**DATA EXTRACT:**
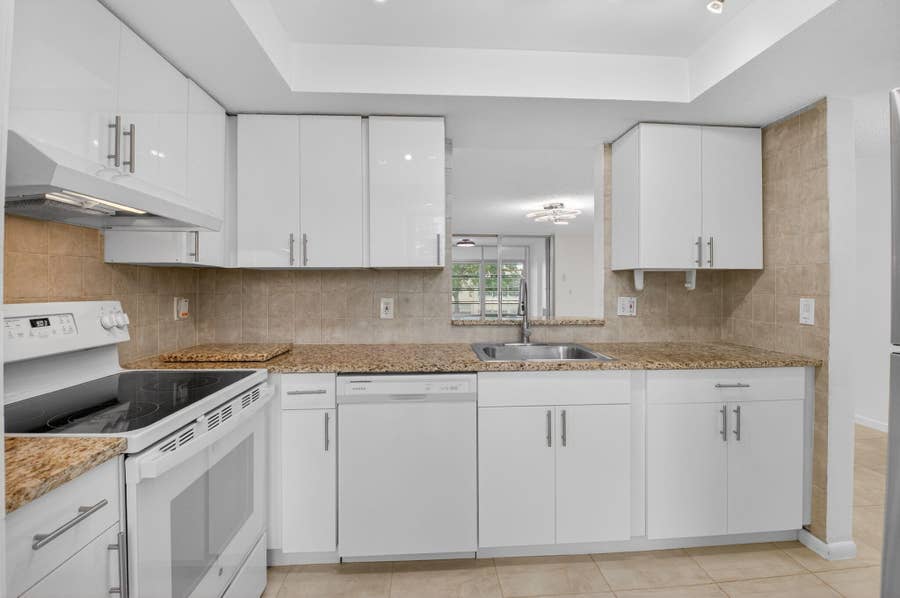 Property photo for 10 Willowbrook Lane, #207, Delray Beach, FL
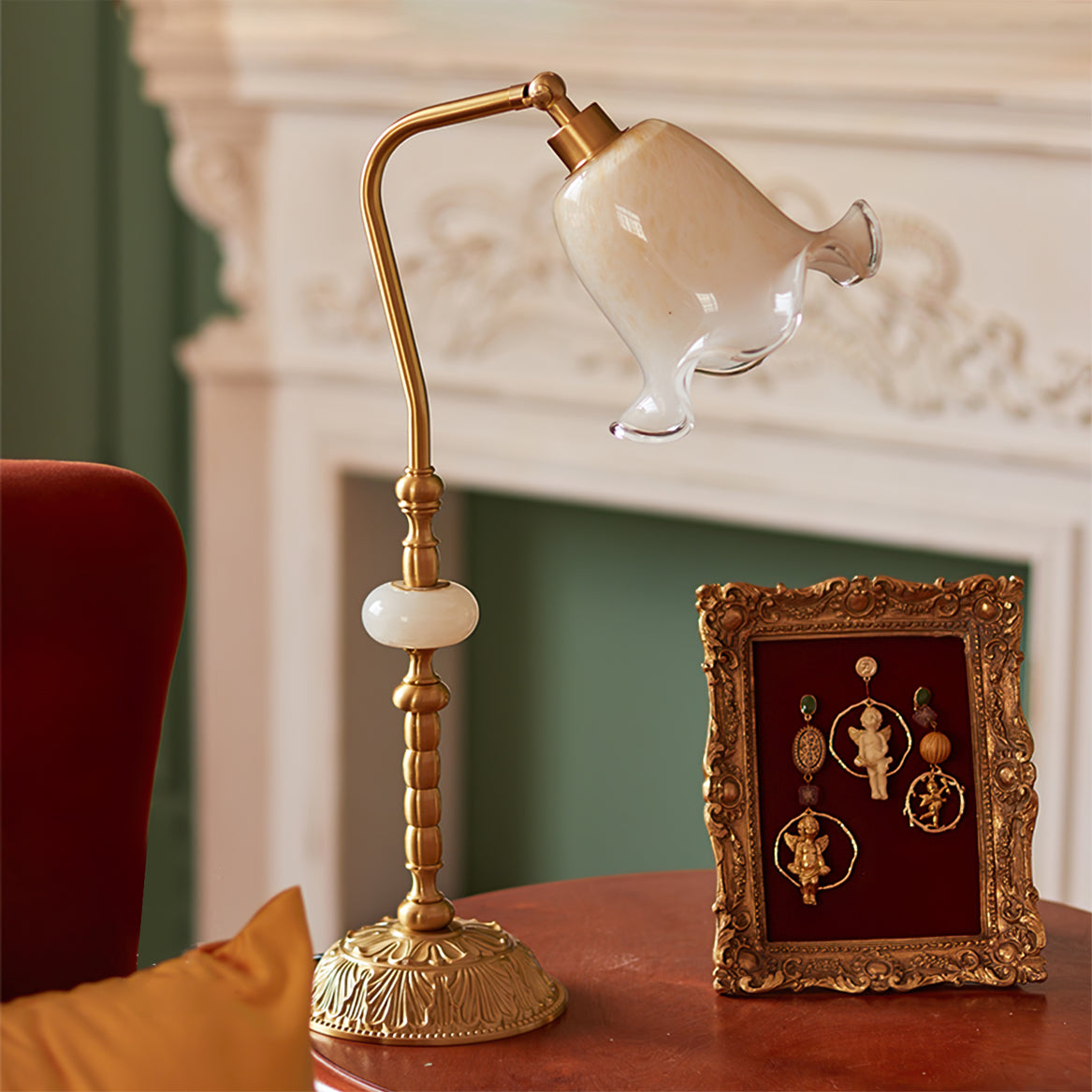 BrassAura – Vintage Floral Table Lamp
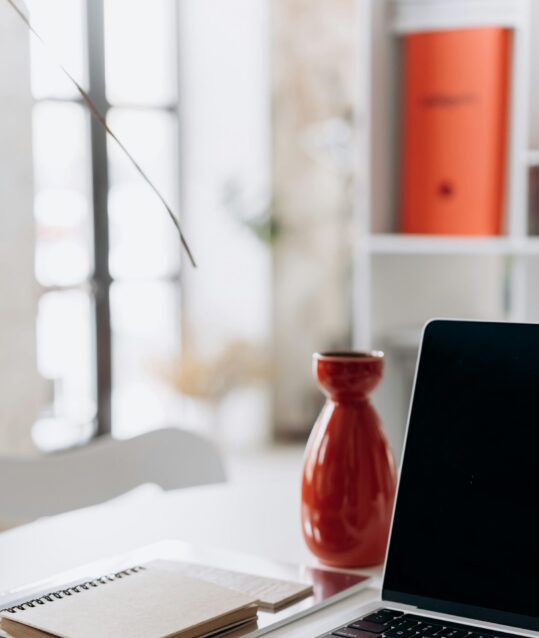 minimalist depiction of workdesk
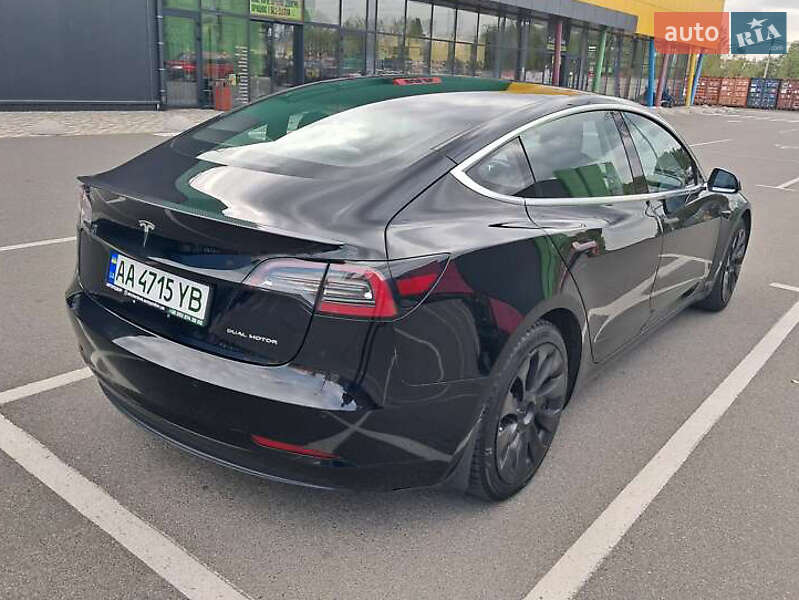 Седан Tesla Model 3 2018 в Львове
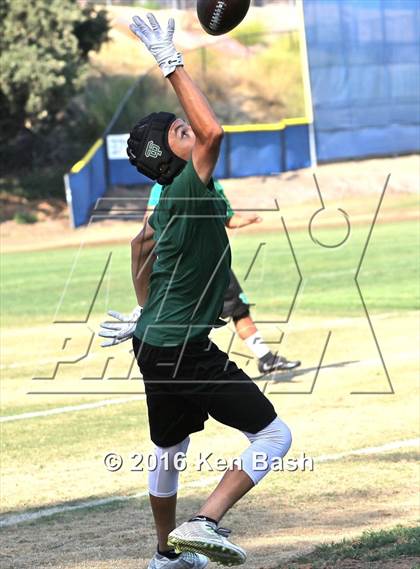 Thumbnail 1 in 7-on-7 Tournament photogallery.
--
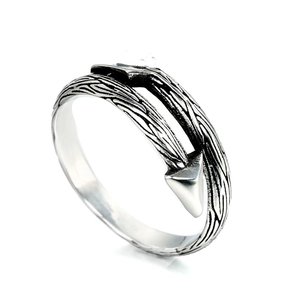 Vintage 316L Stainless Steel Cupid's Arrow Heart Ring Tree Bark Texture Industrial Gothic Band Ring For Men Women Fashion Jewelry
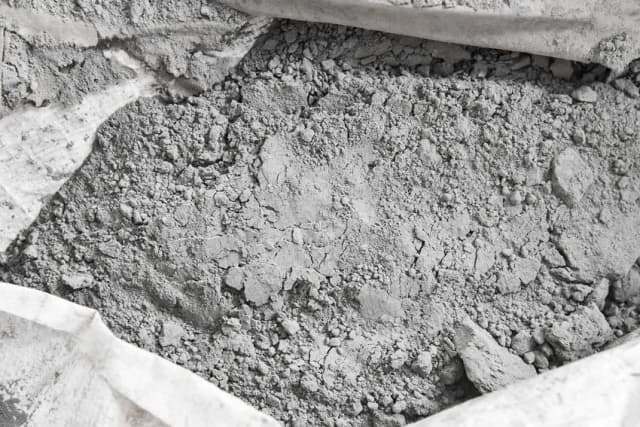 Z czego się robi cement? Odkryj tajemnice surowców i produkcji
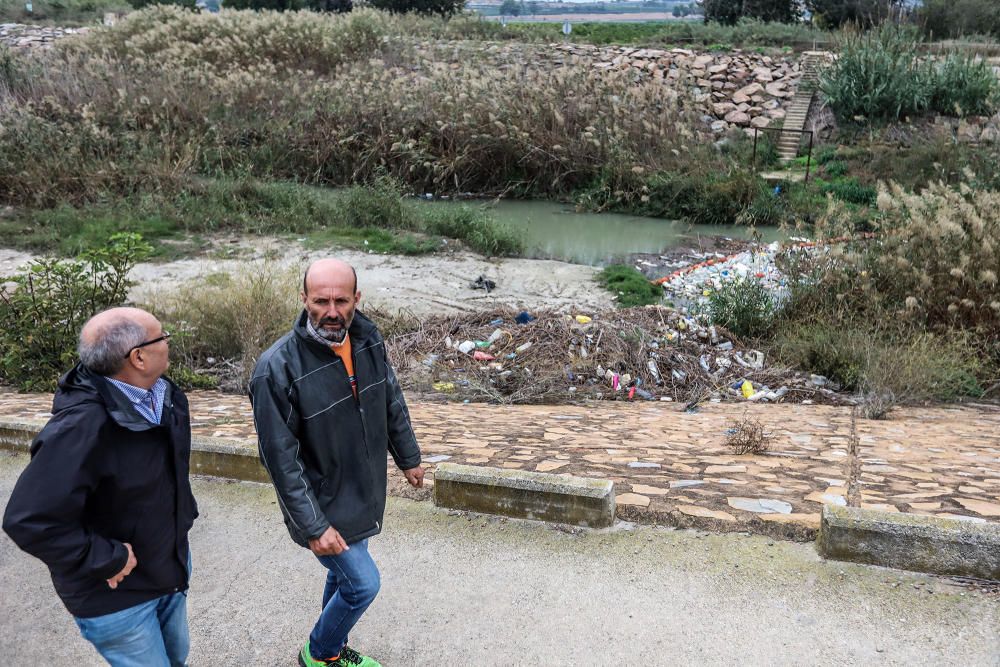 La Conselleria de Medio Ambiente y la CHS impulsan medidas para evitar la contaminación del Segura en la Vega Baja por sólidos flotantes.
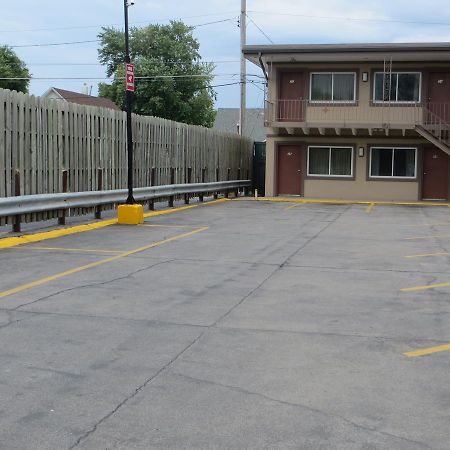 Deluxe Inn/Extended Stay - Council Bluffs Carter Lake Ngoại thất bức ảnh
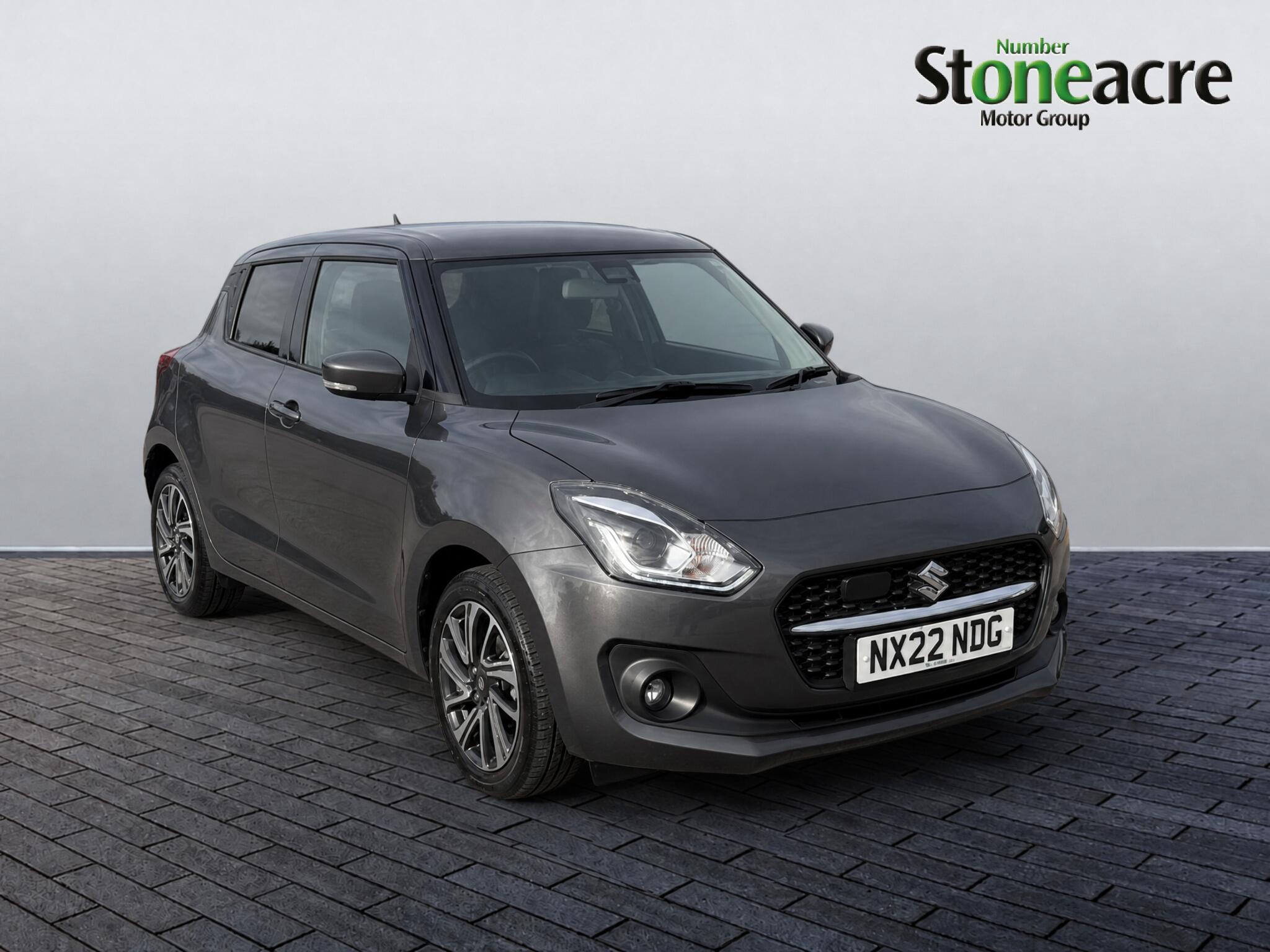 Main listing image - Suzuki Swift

**TRY IT:** Your answer must be the lines above from the one holding "minimalist depiction of workdesk" up to and including the one holding "Thumbnail 1 in", exact and with no pictures.

**RESPONSE FOR THIS EXERCISE:**
 minimalist depiction of workdesk
 Седан Tesla Model 3 2018 в Львове
 Thumbnail 1 in 7-on-7 Tournament photogallery.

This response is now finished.